On est entre Privas et Annonay, dans les montagnes sauvages de l'Ardèche. Ça sent bon la garrigue et le soleil chaud du sud qui nous a rejoint depuis 2 jours. Les chevaux n'en souffrent pas trop pour le moment parce qu'un petit vent frais persiste. Et nous on est ravies, on peut se faire bronzer en topless sur nos transats ambulants. On est doucement en train d'atteindre le point le plus au sud de notre voyage, vers Joyeuse, c'est un joli nom pour bifurquer.

Hier on a visité un éco-lieu, une ancienne usine à eau qui fonctionnait avec l’Eyrieux, immense, et maintenant habitée par un collectif, c’était très intéressant. On a longé une piste cyclable le long du fleuve, ça faisait du bien un peu de plat après toutes nos péripéties de la veille.

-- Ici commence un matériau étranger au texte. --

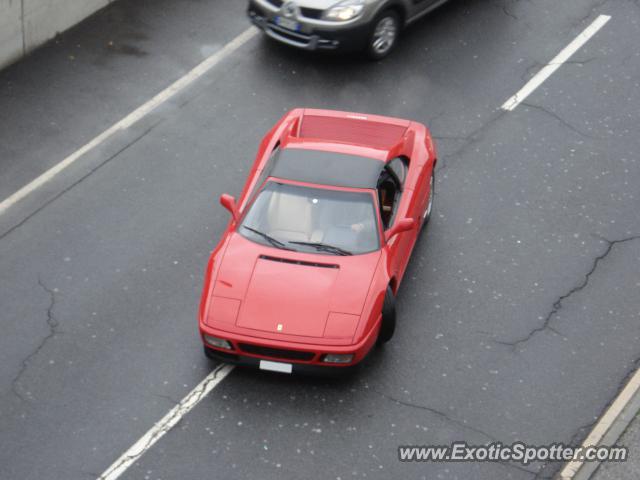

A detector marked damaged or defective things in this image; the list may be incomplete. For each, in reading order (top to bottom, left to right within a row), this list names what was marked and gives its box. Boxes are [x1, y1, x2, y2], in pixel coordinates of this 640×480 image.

road surface crack [10, 278, 60, 402]
road surface crack [498, 234, 640, 350]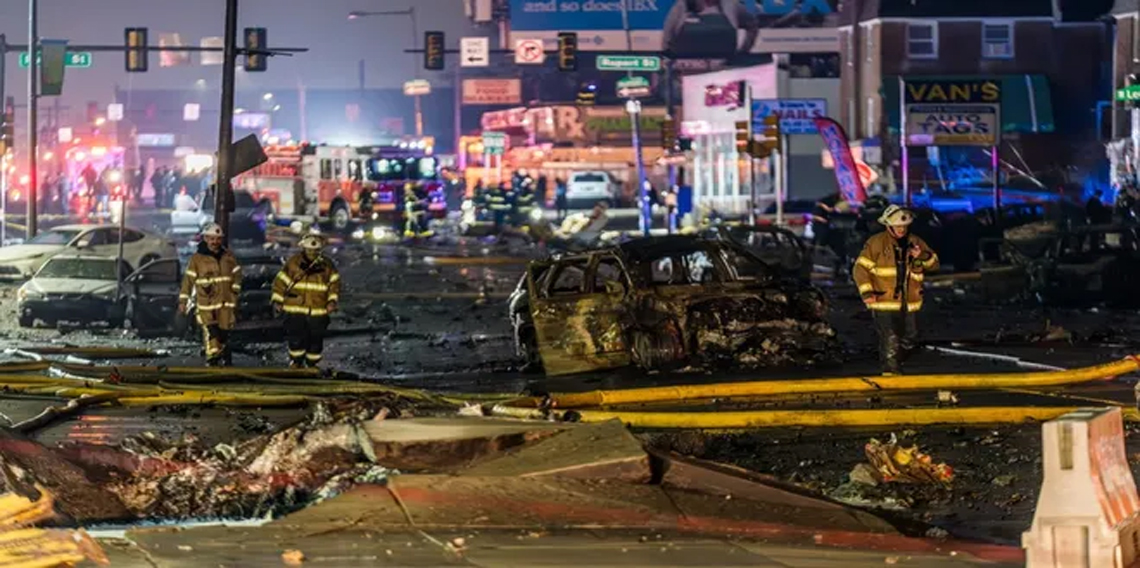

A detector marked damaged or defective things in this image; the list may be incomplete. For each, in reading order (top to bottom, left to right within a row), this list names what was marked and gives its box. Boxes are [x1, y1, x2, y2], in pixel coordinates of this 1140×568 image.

damaged vehicle [510, 236, 828, 374]
burned car wreck [506, 236, 836, 374]
damaged vehicle [972, 225, 1136, 308]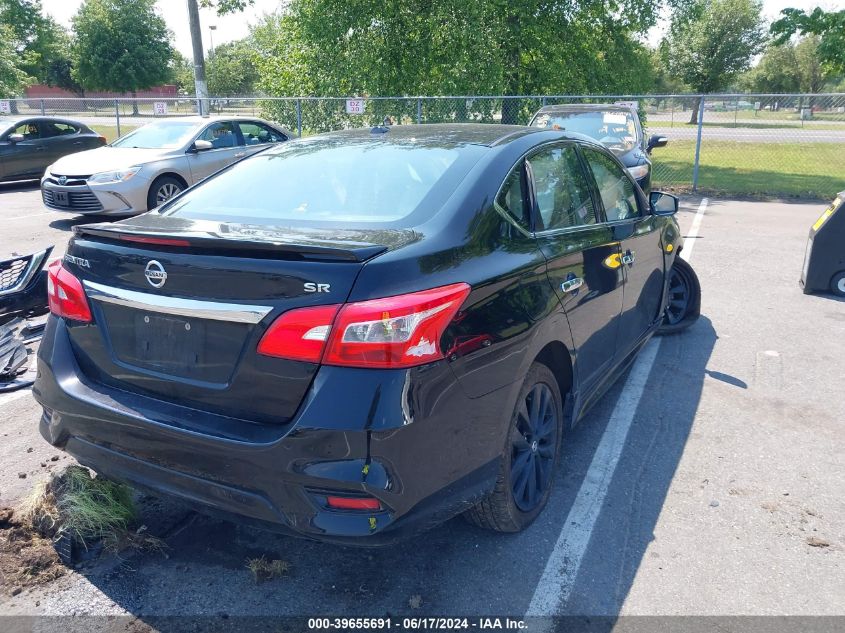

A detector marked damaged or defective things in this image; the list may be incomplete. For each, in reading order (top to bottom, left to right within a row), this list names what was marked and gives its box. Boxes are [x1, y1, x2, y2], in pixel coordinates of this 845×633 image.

detached front bumper [41, 174, 152, 216]
detached front bumper [33, 318, 508, 544]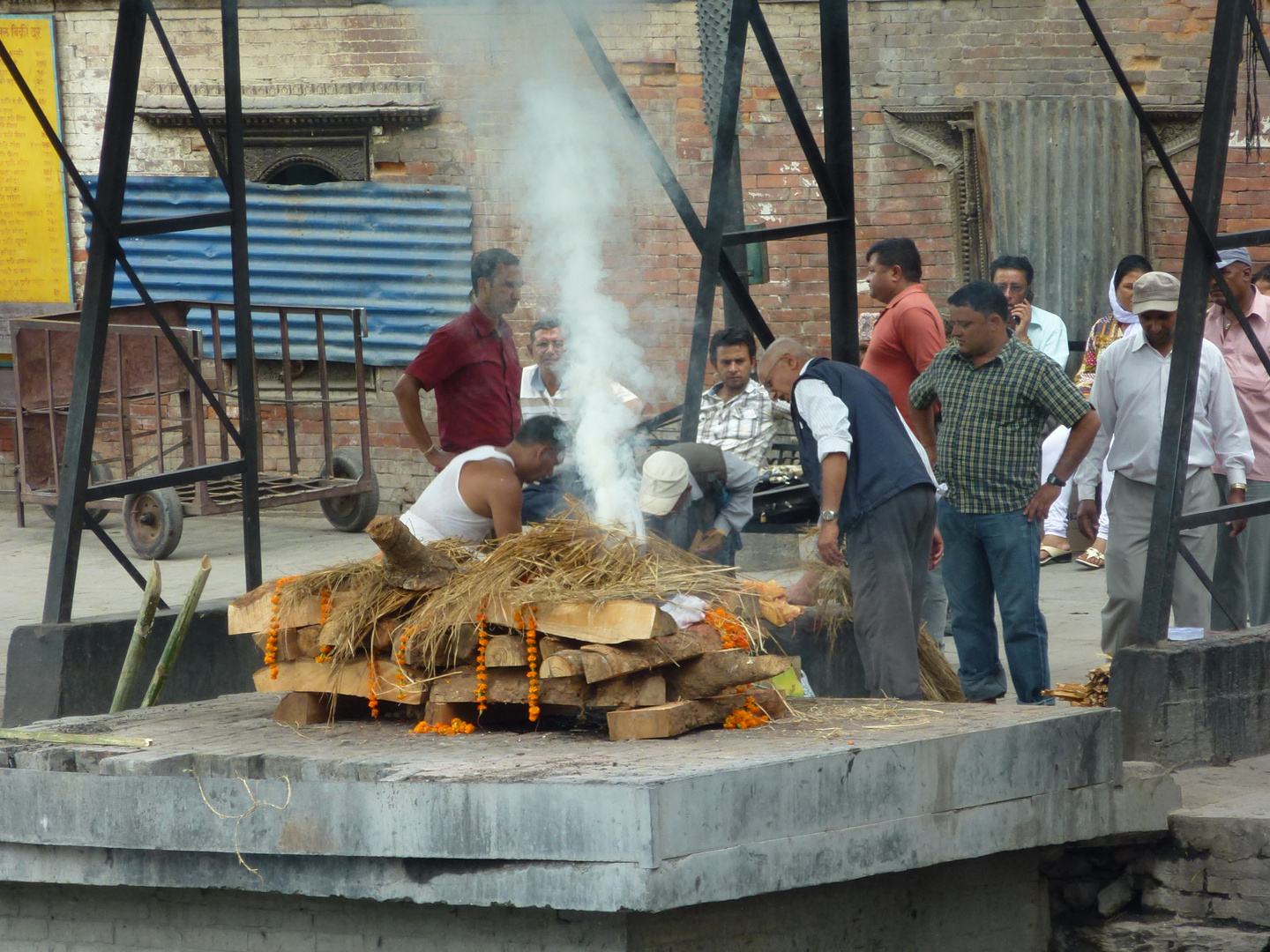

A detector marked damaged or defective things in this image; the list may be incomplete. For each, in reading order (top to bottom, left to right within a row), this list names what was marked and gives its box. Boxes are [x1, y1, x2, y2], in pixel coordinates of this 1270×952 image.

L’après midi on a eu bien chaud, vers 13h on a croisé une jolie rivière et on a décidé d'y faire notre pause pique- nique- baignade. On a bien avancé, on est passé par Genestelle, la vue était sublime. On a croisé un camping vers 19h, on y est allé pour leur demander de l'eau et tâter l'ambiance pour éventuellement y passer la nuit. Mais on s'est fait envahir d'enfants et de questions et comme nos batteries sociales étaient un peu à plat on a préféré continuer et se trouver un coin sauvage. Au final on s'est arrêté assez tard, vers 20h. On a trouvé un joli pré à foin avec une vue sur les montagnes, on a demandé aux gens qui vivaient à côté la permission d'y passer la nuit.
Ils étaient très gentils et comme on avait plus de gaz on a même pu utiliser leur cuisinière pour faire cuire notre soupe en sachet. Une découverte pour Lou que je suis ravie d'avoir convaincue! Soupe de bolet à laquelle j'ai rajouté quelques pointes d'orties, elle a adoré. Ce matin, les gens nous payent même le café, trop bien !

Du coup on repart sur les chapeaux de roues, direction Vals les bains , au dessus d'Aubenas. On fait pas mal de route, c'est pas top mais on a pas vraiment d'autres choix, les chemins sont rares ou escarpés dans les montagnes du sud de l'Ardèche.

Django est très à la traîne de manière générale et encore plus quand il fait chaud et que ça grimpe, Esmeralda avance bien, donc le rythme est un peu décousu. Et les chevaux commencent vraiment à souffrir de la chaleur alors on fait plusieurs pauses au frais. Une à la fraîcheur d'une église pour manger et une au bord d'une rivière pour se baigner.

La traversée de Vals les bains en fin de journée sous la chaleur moite est assez compliquée. Les chevaux sont fatigués et agités par le temps orageux et moi ça me tend alors je deviens un peu autoritaire pour rapidement sortir de la situation. Et puis ils commencent à avoir des hordes de moucherons et de moustiques et ça les rends très nerveux donc ça n'arrange pas les choses.. Heureusement, après avoir fait quelques courses dans un supermarché, on croise notre sauveur, un gentil monsieur qui nous propose de nous héberger nous et les chevaux dans sa maison à 2km de la. C’est magique, il a carrément une dépendance ou il fait frais, Lou et moi on se retrouve comme des princesses, il nous invite même à partager le dîner avec sa famille, adorable ! Ça fait du bien un peu de confort. On attache les chevaux sous leurs cerisiers, les pauvres sont encore pleins de moucherons, j’espère que ça va se calmer avec la fraîcheur de la nuit...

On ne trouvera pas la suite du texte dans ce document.